Эти остроумные и темпераментные выходки свидетельствовали о присущей нам драматической жилке и театральном мышлении. События, лица, предметы оставались для нас такими, какими они были во всех своих взаимосвязях, мы только старались ясно понять их и живо изобразить. Любое суждение, одобрительное или неодобрительное, должно было в подвижной форме проходить перед глазами зрителя. Эти наши творения можно было бы назвать живыми эпиграммами — не столько колкими и язвительными, сколько изобиловавшими меткими и точными черточками. «Ярмарка» является своего рода сборником подобных эпиграмм. Маски, действующие в ней, — все члены нашего тогдашнего общества или лица, до некоторой степени с нами связанные и достаточно нам знакомые, но кто при этом имелся в виду, для большинства оставалось загадкой: смеялись все, но лишь немногие знали, что смеются над собственными характерами и недостатками. «Пролог к новейшим откровениям Бардта» — это уже нечто иное; самые мелкие вещицы, написанные в этом роде, помещены в моих смешанных стихотворениях, другие забыты и потеряны, некоторые из сохранившихся не очень-то пригодны для печати.
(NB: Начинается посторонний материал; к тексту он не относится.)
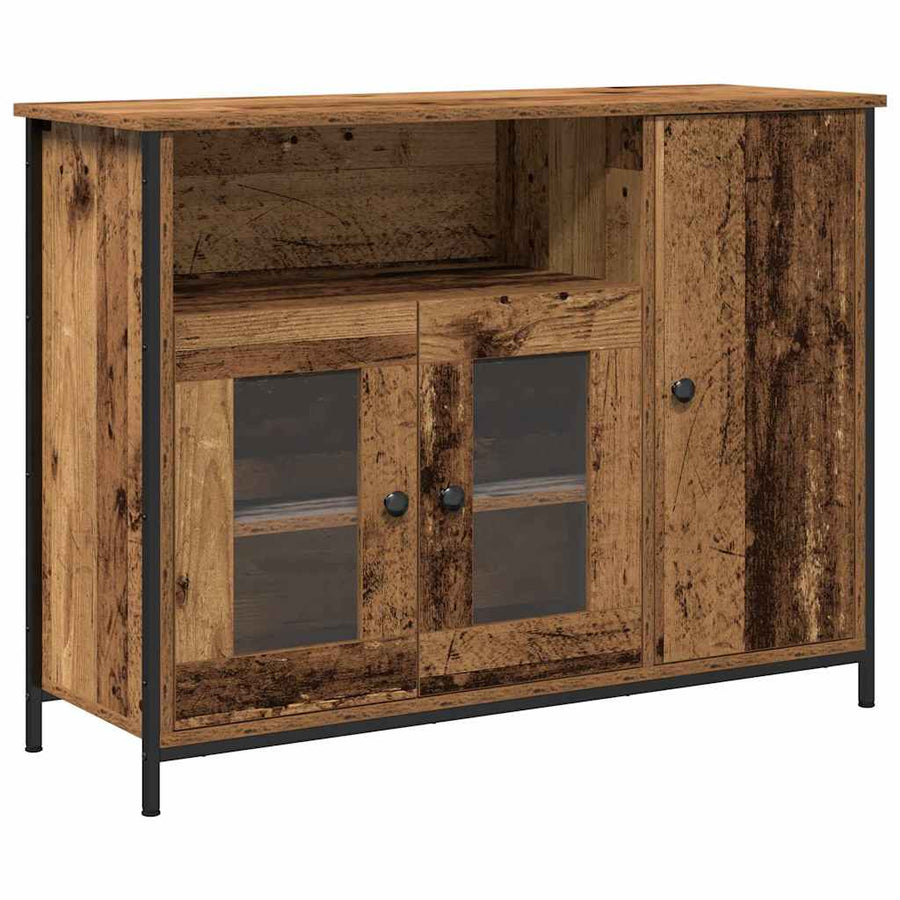 Dressoir Oudhout 100 x 35 x 75 cm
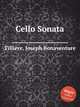 Cello Sonata, 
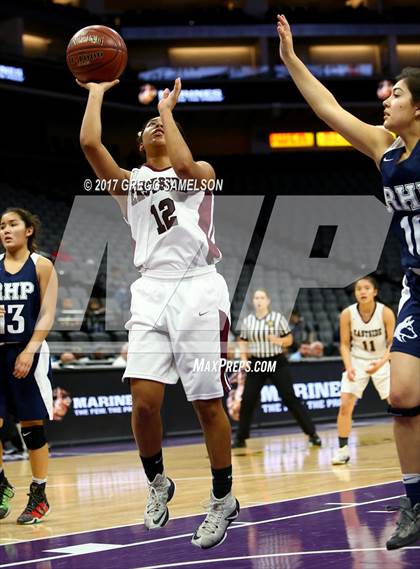 Thumbnail 1 in Eastside College Prep vs Rolling Hills Prep (CIF State D5 Final) photogallery.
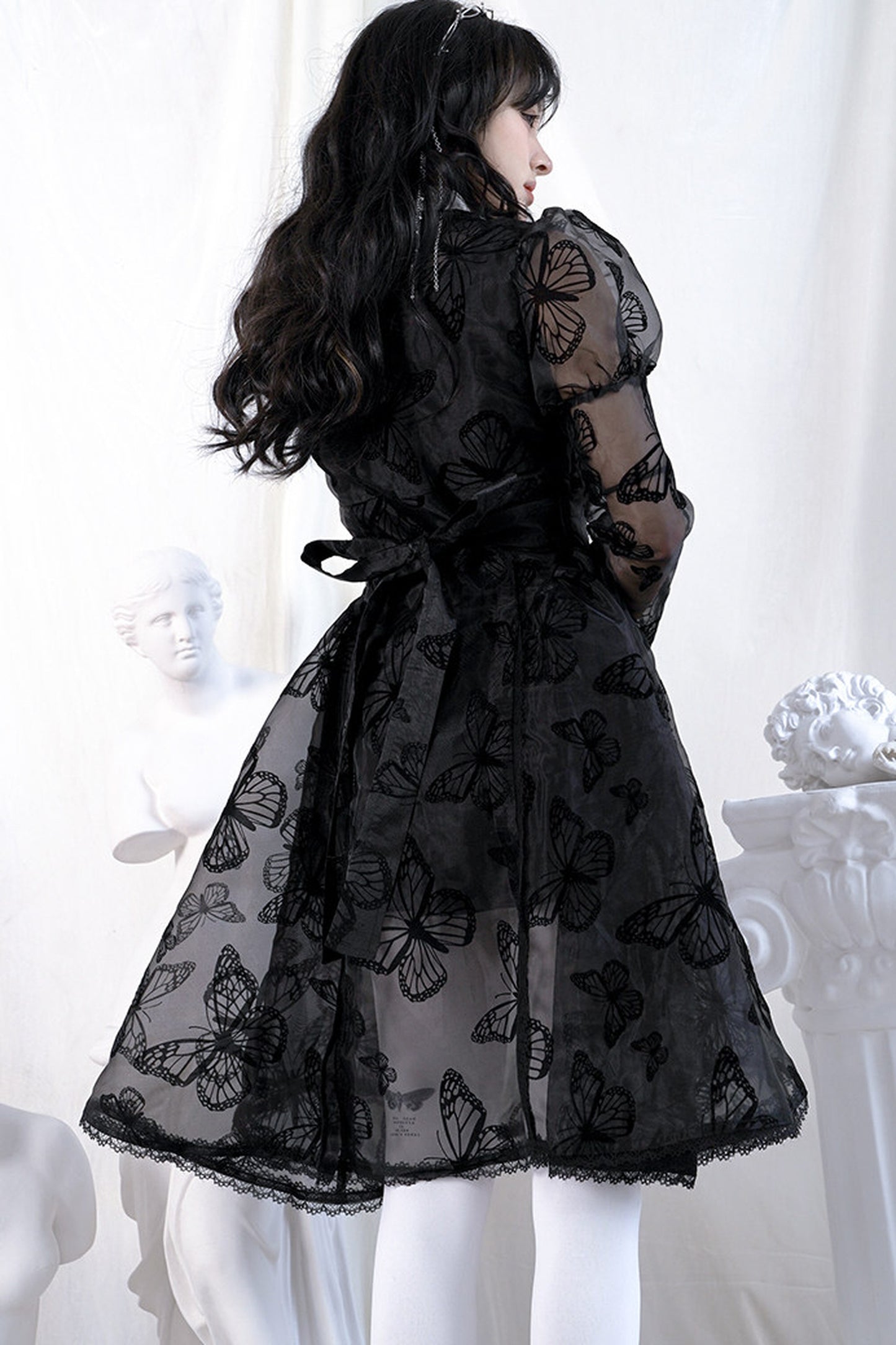 Butterfly Lace Princess Dress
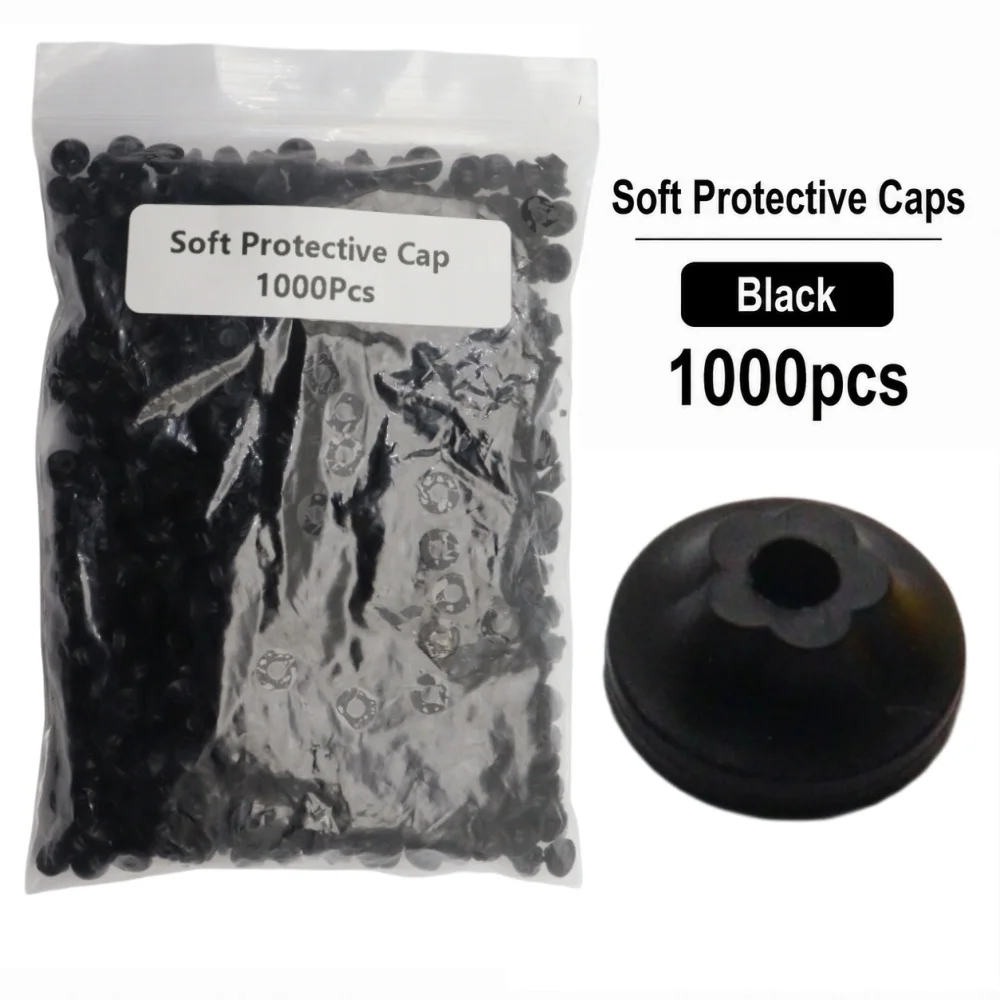 1000Pcs Soft Silicone Nail Dust Stoppers 3/32" Shank Drill Bit Covers, E-file Anti-Dust Caps, Nail Tool Accessories
1000Pcs Soft Silicone Nail Dust Stoppers 3/32" Shank Drill Bit Covers, E-file Anti-Dust Caps, Nail Tool Accessories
Но и то, что было мною тогда обнародовано, достаточно взбудоражило публику и еще больше возбудило любопытство по отношению к автору; те же из сочиненных тогда вещиц, что распространялись в списках, оживили наш тесный круг, кстати сказать, все расширявшийся. Доктор Бардт, в то же время живший в Гисене, посетил меня, был внешне весьма учтив и простодушен, сам шутил над «Прологом» и выразил желание завязать со мною дружеские отношения. Но мы, молодежь, не угомонились и на каждой пирушке продолжали злорадно высмеивать слабости наших современников, которые навострились подмечать и пародировать.